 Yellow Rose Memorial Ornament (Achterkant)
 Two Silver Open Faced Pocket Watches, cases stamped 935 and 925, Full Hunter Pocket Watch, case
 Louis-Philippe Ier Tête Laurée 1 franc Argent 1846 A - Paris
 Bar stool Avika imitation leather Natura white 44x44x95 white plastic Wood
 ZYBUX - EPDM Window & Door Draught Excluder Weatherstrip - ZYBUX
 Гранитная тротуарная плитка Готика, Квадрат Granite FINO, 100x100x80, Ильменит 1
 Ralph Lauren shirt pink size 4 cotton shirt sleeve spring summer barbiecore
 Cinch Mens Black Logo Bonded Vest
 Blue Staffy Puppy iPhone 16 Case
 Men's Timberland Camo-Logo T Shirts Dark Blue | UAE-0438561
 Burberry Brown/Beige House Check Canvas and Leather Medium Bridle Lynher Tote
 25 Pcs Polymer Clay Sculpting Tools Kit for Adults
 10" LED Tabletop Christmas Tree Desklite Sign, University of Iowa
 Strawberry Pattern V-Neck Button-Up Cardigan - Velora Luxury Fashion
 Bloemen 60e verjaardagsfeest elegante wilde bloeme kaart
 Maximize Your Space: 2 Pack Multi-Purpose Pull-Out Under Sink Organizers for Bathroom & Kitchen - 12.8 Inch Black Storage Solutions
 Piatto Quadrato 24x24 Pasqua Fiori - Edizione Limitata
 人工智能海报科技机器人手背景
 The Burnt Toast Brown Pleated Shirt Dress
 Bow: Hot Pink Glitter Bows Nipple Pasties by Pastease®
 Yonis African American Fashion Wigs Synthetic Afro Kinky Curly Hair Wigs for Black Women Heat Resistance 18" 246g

* * * * *

* What you are asked to do
Copy back the listing above exactly, but only from the line with "Blue Staffy Puppy iPhone 16 Case" through the line with "Strawberry Pattern V-Neck", both ends included.

* Response area
 Blue Staffy Puppy iPhone 16 Case
 Men's Timberland Camo-Logo T Shirts Dark Blue | UAE-0438561
 Burberry Brown/Beige House Check Canvas and Leather Medium Bridle Lynher Tote
 25 Pcs Polymer Clay Sculpting Tools Kit for Adults
 10" LED Tabletop Christmas Tree Desklite Sign, University of Iowa
 Strawberry Pattern V-Neck Button-Up Cardigan - Velora Luxury Fashion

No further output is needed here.